**DATA FOR THIS TASK**
BEGIN

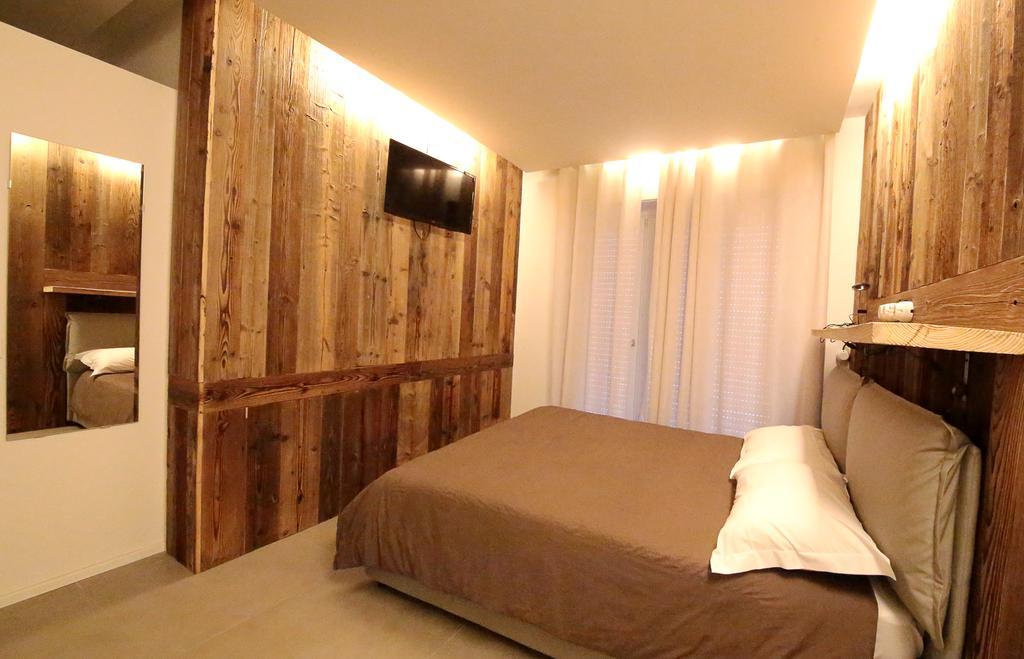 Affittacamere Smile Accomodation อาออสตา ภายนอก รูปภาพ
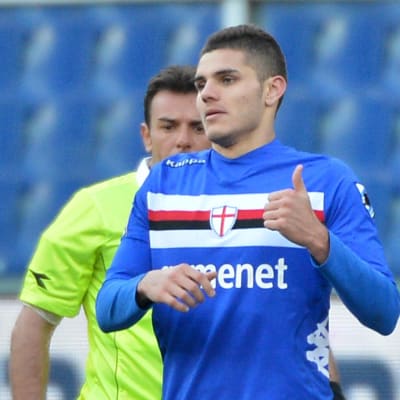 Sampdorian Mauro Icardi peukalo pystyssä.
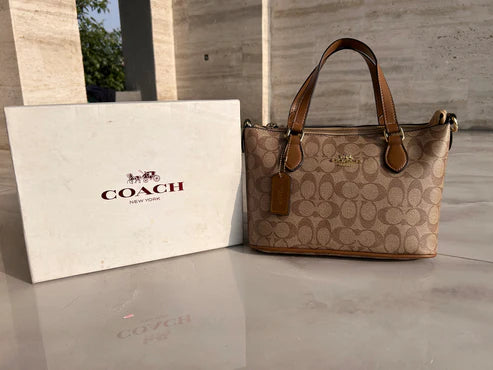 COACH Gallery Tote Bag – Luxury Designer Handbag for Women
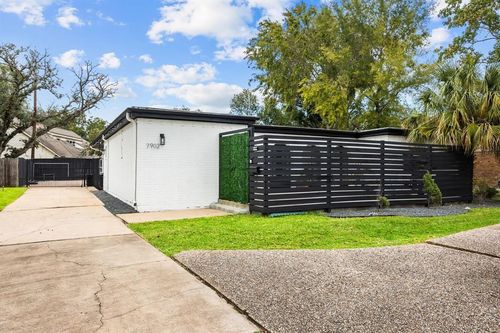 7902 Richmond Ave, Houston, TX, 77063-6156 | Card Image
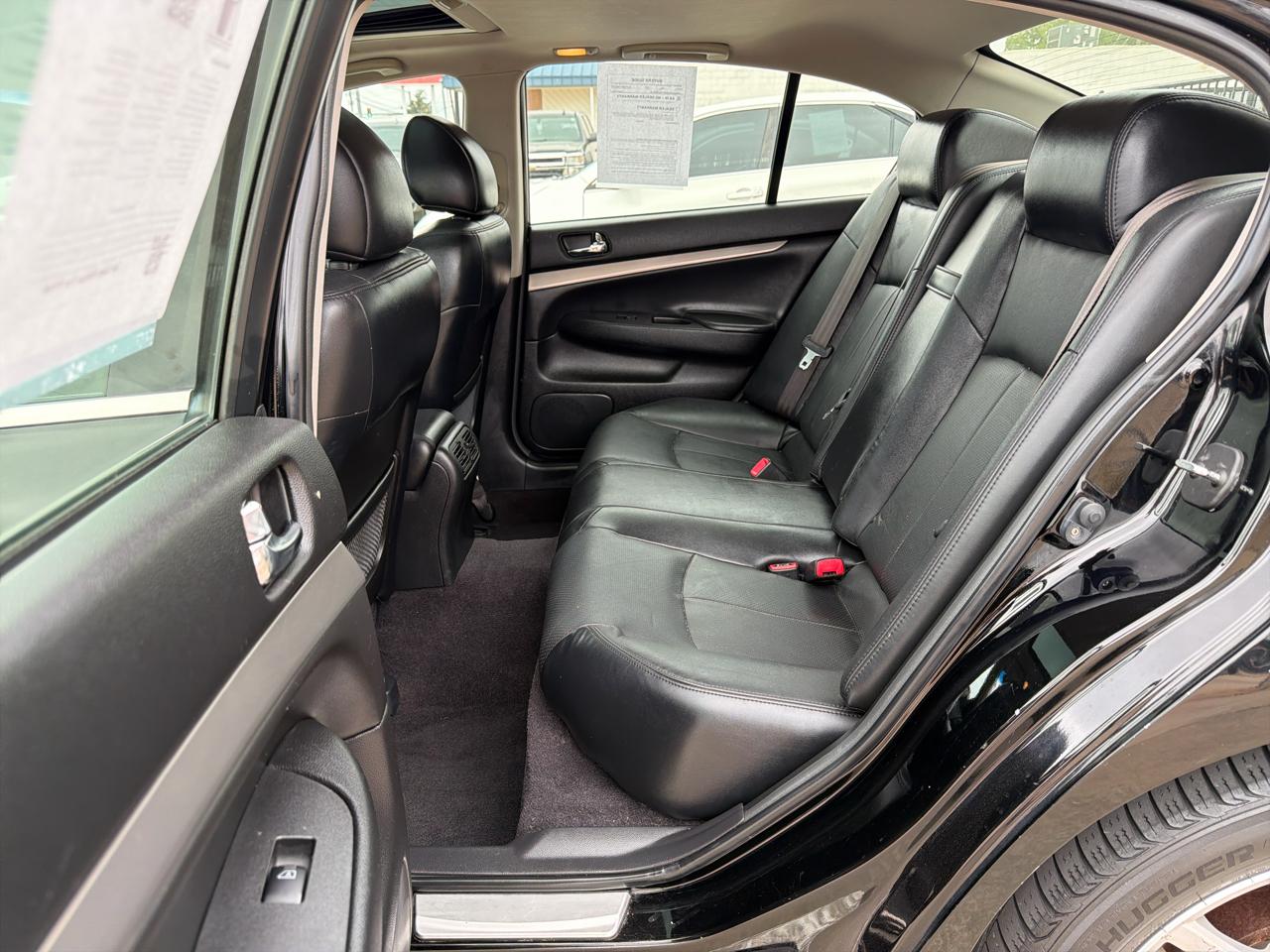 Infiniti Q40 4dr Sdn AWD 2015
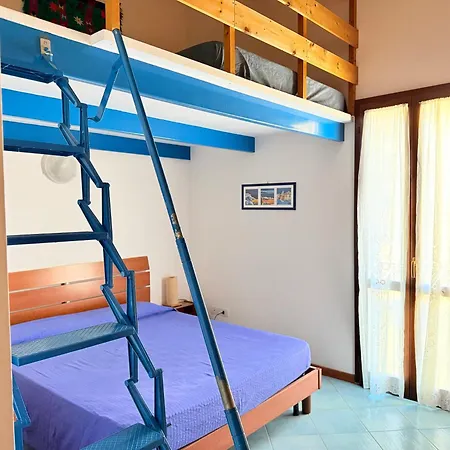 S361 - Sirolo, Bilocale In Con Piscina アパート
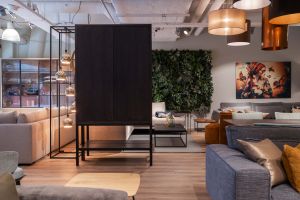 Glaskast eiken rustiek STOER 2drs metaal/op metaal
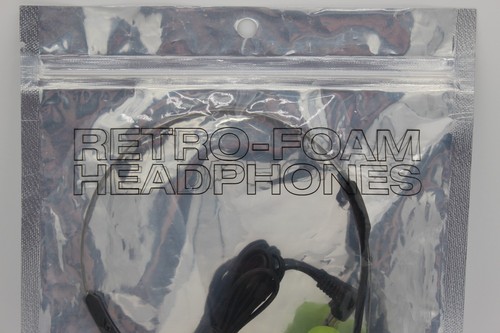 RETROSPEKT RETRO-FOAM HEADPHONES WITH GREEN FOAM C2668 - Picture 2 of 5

END

**TASK PROMPT**
When you repeat the records, reproduce each line exactly and drop the images.

**COMPLETED EXERCISE**
 Affittacamere Smile Accomodation อาออสตา ภายนอก รูปภาพ
 Sampdorian Mauro Icardi peukalo pystyssä.
 COACH Gallery Tote Bag – Luxury Designer Handbag for Women
 7902 Richmond Ave, Houston, TX, 77063-6156 | Card Image
 Infiniti Q40 4dr Sdn AWD 2015
 S361 - Sirolo, Bilocale In Con Piscina アパート
 Glaskast eiken rustiek STOER 2drs metaal/op metaal
 RETROSPEKT RETRO-FOAM HEADPHONES WITH GREEN FOAM C2668 - Picture 2 of 5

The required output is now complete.